(Source data)

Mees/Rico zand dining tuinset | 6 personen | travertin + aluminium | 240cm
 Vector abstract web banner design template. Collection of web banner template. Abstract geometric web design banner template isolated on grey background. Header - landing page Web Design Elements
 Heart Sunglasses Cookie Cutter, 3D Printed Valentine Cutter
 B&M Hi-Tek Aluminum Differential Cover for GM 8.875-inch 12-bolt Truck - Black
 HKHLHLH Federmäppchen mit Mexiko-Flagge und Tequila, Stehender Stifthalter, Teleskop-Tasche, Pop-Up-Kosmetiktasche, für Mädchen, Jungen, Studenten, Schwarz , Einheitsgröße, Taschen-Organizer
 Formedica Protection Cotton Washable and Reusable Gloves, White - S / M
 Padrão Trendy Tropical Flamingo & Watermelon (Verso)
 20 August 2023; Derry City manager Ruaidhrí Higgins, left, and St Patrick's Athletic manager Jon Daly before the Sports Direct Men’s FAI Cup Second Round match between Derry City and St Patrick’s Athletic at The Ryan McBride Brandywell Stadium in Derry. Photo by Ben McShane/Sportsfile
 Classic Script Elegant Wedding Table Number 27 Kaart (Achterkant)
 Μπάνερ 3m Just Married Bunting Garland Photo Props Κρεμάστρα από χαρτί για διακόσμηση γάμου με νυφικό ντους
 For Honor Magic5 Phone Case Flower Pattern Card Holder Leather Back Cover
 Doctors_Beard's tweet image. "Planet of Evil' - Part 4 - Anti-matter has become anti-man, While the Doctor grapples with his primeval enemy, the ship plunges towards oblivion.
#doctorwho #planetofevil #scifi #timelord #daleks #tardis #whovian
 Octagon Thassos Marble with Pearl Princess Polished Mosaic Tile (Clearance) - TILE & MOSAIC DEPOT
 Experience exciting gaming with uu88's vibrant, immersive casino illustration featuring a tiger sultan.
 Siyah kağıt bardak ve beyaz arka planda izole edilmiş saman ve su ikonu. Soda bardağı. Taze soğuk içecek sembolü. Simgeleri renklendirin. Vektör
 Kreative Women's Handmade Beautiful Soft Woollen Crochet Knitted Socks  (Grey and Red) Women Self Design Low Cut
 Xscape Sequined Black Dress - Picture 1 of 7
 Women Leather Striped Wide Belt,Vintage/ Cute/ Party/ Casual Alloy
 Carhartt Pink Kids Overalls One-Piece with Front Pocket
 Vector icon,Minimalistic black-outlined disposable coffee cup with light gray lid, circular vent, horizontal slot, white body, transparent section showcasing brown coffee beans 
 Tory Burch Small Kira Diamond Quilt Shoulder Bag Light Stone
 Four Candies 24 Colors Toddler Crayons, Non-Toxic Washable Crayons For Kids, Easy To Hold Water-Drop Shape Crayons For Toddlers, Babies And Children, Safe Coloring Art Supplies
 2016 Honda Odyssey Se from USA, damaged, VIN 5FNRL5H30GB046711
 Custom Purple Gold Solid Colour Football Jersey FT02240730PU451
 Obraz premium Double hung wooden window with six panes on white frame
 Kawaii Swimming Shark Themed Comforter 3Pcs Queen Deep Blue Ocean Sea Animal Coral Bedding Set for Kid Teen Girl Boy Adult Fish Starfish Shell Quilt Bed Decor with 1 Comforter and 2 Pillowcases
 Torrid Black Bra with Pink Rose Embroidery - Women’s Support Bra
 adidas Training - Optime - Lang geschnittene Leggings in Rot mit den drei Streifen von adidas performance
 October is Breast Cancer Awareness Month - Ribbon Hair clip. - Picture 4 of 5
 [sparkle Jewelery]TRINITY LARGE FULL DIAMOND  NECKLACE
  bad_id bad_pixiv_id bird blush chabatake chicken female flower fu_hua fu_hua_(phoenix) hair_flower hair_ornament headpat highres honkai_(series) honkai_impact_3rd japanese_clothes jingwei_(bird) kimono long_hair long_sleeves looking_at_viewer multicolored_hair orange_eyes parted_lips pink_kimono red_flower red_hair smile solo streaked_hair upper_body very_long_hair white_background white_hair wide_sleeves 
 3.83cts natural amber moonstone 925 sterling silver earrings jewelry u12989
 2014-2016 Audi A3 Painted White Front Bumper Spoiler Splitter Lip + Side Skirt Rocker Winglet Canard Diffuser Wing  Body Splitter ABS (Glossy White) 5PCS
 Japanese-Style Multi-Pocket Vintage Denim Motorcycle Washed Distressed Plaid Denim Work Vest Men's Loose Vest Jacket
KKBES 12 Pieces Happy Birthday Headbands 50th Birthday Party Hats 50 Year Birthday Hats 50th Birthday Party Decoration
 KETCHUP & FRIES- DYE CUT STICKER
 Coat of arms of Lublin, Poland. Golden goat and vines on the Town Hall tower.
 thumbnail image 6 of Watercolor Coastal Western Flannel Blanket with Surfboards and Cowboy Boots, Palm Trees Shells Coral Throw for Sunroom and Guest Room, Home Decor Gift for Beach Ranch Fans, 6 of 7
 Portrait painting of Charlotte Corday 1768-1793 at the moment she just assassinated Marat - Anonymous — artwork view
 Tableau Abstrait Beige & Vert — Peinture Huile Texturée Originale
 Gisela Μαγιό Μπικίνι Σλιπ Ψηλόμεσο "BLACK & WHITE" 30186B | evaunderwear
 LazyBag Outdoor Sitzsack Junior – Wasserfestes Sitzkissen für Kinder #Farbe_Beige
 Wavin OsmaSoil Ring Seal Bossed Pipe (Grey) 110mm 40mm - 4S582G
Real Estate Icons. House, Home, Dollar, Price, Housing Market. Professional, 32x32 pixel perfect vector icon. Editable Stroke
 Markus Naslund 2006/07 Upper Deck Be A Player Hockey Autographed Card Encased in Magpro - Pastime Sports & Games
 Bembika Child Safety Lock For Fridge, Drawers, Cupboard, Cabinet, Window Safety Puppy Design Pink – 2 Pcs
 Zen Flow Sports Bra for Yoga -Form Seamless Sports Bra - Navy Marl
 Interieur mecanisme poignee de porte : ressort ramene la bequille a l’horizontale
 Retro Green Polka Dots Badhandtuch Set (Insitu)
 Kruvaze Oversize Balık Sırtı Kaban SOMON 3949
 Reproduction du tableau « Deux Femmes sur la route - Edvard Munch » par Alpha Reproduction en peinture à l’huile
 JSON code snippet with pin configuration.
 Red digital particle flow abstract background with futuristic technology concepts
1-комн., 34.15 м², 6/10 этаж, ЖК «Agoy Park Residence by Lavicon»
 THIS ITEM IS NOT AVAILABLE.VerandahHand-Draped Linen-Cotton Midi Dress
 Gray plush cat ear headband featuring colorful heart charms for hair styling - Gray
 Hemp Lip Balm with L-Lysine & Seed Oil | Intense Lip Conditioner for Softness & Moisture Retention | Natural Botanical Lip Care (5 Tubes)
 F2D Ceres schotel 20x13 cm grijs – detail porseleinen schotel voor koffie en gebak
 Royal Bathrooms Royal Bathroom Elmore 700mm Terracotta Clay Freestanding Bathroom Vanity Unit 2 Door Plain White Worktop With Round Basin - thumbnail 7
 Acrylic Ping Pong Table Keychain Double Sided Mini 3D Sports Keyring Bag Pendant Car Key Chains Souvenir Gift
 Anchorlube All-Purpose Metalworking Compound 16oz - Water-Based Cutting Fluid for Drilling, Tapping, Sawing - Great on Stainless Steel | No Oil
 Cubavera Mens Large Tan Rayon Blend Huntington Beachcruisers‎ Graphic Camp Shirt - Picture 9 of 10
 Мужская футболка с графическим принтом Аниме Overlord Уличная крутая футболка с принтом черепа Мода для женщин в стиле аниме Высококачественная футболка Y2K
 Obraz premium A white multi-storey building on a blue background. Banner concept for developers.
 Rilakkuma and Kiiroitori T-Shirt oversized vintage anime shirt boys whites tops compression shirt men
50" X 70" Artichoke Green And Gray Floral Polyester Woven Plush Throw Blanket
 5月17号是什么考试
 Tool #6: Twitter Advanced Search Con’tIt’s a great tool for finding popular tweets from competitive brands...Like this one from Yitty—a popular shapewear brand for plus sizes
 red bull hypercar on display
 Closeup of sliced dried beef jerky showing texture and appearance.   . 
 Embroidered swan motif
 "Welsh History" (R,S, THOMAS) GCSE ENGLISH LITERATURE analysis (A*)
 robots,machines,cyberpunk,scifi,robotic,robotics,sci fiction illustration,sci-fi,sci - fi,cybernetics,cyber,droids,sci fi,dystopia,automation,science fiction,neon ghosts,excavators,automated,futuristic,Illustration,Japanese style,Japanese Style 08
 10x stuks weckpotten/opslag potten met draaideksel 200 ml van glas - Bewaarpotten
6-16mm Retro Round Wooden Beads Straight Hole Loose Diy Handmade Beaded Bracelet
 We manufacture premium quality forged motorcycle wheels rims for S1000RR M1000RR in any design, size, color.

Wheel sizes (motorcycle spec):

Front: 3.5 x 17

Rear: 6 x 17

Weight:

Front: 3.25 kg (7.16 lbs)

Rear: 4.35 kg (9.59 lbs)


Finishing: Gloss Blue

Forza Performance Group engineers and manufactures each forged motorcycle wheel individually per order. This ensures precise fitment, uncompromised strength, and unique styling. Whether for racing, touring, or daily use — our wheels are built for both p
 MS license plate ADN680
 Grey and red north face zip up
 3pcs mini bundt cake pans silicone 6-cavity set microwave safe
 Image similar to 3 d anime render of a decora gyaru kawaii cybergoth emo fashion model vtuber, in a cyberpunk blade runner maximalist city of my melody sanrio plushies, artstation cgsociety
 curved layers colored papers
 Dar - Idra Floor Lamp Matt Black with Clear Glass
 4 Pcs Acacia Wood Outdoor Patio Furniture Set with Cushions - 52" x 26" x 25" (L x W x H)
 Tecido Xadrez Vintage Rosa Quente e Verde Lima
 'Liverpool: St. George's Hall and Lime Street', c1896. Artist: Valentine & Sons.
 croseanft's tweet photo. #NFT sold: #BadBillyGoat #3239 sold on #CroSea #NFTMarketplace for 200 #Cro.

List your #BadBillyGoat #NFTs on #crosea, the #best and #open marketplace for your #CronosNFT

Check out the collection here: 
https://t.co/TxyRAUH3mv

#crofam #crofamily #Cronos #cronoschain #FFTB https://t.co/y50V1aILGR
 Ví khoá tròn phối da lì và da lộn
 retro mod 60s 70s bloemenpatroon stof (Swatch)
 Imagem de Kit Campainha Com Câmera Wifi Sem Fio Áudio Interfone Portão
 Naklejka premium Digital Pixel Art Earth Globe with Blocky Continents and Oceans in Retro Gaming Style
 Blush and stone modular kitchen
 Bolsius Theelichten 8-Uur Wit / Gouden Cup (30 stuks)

[Exercise details] Find and copy each line above that includes the string "Double".

[Exercise answer]
 Obraz premium Double hung wooden window with six panes on white frame
 Acrylic Ping Pong Table Keychain Double Sided Mini 3D Sports Keyring Bag Pendant Car Key Chains Souvenir Gift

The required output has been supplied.